The current VW case resembles a 1998 case involving seven manufacturers of heavy-duty truck engines: Caterpillar Inc., Cummins Inc., Detroit Diesel Corp., Mack Trucks Inc., Navistar International Transportation Corp., Renault Vehicules Industriels, S.A. and Volvo Truck Corp.

The companies agreed to spend more than $1 billion, including $83.4 million in penalties, to settle the case — the biggest civil fine to that point for violating an environmental law.

29 Attorneys General Are Investigating:

At least 29 U.S. state attorneys general have initiated a multi-state investigation of Volkswagen over its representations to consumers over their diesel vehicles, according to a spokeswoman for Illinois Attorney General Lisa Madigan.

As part of the probe, the group will send subpoenas to Volkswagen, the spokeswoman said.

News of the subpoena and state attorneys general participating in the group so far comes after New York Attorney General Eric Schneiderman said a group was forming to probe the carmaker over the U.S. emissions test scandal.

Audi Information:

Audi has confirmed that Volkswagen’s emissions-cheating software has been installed in approximately 2.1 million of its luxury vehicles worldwide.

The vast majority were sold in Europe, including 577,000 units in Germany, a spokesperson told Reuters.
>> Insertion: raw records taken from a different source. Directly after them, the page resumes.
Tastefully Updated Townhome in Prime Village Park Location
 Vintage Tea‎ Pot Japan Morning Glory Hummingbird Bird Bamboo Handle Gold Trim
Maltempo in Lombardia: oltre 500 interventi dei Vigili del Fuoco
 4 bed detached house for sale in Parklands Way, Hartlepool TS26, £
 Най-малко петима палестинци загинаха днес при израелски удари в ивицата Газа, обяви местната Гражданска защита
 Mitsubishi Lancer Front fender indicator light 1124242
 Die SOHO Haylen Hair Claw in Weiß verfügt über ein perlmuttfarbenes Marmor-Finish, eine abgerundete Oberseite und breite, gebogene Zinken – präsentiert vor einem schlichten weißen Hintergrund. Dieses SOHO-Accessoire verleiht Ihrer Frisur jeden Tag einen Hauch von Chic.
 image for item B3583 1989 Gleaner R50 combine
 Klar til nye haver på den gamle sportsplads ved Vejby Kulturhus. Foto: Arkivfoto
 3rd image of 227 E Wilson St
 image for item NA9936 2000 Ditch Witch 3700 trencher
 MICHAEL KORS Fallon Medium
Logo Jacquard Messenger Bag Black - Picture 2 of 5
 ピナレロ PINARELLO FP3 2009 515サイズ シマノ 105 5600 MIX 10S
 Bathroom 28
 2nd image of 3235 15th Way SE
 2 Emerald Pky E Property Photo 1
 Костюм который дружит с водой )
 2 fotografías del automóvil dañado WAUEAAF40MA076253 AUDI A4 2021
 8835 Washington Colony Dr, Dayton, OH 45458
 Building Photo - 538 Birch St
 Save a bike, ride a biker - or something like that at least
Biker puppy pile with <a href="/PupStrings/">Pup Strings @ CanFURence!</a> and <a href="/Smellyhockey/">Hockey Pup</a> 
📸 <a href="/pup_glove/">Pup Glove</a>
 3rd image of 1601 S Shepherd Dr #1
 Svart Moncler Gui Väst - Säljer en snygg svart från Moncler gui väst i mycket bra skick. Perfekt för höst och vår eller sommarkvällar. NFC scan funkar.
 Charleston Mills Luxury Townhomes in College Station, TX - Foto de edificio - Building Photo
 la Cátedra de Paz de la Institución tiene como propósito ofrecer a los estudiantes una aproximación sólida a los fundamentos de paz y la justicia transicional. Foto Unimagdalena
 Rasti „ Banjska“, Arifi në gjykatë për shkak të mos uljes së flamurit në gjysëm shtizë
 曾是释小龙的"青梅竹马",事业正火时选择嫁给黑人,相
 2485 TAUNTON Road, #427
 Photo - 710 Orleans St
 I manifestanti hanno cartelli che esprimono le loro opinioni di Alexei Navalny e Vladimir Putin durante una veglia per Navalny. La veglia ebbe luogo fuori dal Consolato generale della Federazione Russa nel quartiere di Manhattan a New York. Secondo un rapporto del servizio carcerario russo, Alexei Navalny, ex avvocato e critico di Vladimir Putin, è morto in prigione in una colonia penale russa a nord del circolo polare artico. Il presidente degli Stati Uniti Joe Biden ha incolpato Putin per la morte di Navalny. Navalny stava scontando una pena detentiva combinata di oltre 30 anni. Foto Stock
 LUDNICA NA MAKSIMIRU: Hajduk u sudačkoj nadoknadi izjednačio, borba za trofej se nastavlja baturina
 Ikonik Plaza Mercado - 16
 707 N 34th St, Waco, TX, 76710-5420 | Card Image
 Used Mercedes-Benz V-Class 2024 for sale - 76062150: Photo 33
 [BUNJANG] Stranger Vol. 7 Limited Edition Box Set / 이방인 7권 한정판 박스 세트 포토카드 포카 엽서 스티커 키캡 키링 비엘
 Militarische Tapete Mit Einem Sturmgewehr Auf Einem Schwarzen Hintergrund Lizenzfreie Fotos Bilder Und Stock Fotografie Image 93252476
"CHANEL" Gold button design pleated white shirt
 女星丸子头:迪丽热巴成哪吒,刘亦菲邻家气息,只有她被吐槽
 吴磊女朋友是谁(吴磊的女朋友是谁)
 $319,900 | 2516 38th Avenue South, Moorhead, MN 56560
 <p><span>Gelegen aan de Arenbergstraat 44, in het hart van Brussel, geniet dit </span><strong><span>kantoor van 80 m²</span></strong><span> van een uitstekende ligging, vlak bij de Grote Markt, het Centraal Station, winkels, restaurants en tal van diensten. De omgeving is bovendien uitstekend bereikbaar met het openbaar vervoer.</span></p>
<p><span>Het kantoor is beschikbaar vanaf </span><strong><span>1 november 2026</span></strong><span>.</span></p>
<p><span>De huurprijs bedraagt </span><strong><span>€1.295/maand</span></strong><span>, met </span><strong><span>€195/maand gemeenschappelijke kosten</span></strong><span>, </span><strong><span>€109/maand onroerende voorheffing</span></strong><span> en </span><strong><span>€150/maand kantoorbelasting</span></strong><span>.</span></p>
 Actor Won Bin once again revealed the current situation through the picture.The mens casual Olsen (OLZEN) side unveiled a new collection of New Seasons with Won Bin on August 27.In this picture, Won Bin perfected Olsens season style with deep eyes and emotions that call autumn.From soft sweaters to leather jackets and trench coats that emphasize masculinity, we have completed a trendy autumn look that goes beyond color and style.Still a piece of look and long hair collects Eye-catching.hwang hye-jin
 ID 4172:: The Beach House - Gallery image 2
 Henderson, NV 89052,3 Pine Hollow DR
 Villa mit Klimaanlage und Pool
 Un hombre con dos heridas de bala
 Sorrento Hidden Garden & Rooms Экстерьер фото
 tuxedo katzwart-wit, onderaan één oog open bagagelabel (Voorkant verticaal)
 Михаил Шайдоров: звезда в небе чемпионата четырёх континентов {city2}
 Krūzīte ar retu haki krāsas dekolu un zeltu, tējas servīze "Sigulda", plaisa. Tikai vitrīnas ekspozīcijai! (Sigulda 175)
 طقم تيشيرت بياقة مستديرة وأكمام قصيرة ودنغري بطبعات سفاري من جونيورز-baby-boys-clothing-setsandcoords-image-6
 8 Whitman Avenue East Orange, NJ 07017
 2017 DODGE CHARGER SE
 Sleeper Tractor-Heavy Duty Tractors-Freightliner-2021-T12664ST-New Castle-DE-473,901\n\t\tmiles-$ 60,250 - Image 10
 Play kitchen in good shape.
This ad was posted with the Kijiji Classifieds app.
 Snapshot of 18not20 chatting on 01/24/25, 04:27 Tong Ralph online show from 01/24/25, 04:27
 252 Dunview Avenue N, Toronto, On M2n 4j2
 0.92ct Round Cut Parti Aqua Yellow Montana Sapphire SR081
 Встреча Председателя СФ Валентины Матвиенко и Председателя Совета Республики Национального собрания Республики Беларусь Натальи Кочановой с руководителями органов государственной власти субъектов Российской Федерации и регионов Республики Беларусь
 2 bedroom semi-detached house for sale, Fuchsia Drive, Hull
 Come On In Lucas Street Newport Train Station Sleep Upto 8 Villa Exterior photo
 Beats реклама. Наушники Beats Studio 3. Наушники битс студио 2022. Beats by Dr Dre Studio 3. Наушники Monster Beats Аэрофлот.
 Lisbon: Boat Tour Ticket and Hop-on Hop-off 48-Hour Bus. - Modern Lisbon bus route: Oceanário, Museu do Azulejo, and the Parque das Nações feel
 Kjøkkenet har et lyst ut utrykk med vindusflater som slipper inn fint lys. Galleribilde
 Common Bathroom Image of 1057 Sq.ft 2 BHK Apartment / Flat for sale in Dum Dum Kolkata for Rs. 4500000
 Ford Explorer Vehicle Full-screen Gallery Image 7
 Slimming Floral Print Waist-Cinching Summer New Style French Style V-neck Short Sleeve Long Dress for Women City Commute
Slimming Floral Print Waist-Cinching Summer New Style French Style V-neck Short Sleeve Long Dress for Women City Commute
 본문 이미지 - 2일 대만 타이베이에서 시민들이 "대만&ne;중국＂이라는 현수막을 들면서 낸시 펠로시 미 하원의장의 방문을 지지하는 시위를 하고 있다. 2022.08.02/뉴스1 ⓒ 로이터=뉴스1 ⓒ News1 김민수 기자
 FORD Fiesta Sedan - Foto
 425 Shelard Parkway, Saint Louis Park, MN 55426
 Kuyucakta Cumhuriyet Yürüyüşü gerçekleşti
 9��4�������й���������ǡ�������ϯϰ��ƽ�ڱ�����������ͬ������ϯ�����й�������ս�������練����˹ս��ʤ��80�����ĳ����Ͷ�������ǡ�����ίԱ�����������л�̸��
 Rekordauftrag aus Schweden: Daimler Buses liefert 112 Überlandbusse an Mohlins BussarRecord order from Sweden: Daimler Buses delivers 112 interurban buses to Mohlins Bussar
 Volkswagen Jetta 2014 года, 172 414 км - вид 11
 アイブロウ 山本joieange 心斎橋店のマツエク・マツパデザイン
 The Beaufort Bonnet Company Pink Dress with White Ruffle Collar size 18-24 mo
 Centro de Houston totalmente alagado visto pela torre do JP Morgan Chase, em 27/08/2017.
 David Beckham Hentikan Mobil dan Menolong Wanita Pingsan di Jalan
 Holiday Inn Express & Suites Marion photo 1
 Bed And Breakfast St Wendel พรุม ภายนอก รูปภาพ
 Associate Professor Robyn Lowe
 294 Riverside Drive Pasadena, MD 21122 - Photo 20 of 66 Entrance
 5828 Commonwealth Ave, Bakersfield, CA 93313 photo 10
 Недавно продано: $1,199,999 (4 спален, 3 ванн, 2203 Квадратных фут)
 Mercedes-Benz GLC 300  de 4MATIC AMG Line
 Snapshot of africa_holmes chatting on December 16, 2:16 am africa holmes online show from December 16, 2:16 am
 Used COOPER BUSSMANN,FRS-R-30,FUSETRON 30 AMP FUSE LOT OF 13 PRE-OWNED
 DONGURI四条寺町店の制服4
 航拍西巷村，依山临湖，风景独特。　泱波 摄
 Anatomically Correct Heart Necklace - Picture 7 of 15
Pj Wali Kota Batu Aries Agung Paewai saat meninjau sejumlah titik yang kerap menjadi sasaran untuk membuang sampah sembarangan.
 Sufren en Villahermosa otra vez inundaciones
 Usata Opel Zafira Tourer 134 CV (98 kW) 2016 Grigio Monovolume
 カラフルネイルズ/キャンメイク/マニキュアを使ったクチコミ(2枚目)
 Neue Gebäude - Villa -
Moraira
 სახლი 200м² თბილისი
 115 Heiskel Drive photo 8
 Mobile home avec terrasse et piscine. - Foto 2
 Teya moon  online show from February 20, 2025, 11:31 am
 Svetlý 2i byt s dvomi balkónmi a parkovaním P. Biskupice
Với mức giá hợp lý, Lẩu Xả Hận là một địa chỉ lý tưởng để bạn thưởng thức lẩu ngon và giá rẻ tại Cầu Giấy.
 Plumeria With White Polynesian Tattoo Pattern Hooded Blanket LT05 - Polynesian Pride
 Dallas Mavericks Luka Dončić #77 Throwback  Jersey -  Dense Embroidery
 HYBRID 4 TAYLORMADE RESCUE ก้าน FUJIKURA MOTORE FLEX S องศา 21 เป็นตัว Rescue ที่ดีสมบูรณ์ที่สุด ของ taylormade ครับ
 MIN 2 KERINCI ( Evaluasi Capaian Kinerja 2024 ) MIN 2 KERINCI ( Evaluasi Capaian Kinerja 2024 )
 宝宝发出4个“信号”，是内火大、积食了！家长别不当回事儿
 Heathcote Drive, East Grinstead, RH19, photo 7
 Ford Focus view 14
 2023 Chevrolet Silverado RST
Affected models include select diesel-powered variants of the A1, A3, A4, A5, A6, TT, Q3 and Q5.

The numbers are comparatively minimal in the US market, where the company sold just 13,000 A3 sedans outfitted with the offending 2.0-liter TDI turbodiesel engine.

Reports surrounding Volkswagen Group’s emissions crisis have mostly focused on the US market, where the company faces potential fines of up to $18 billion, numerous civil lawsuits, several criminal investigations and a tarnished brand. With 11 million cars affected globally, however, the damage is beginning to spread.

Less than a week after VW ousted CEO Martin Winterkorn, the executive now faces a criminal investigation in home Germany, according to The Wall Street Journal. He recently claimed to be “unaware of any wrongdoing on my part.”

The government inquiry will attempt to determine if he or any other executives can be charged for their roles in the alleged fraud.

“We are investigating Winterkorn and other responsible people,” a spokesperson for the prosecutor said. “We are pursuing every possible lead.”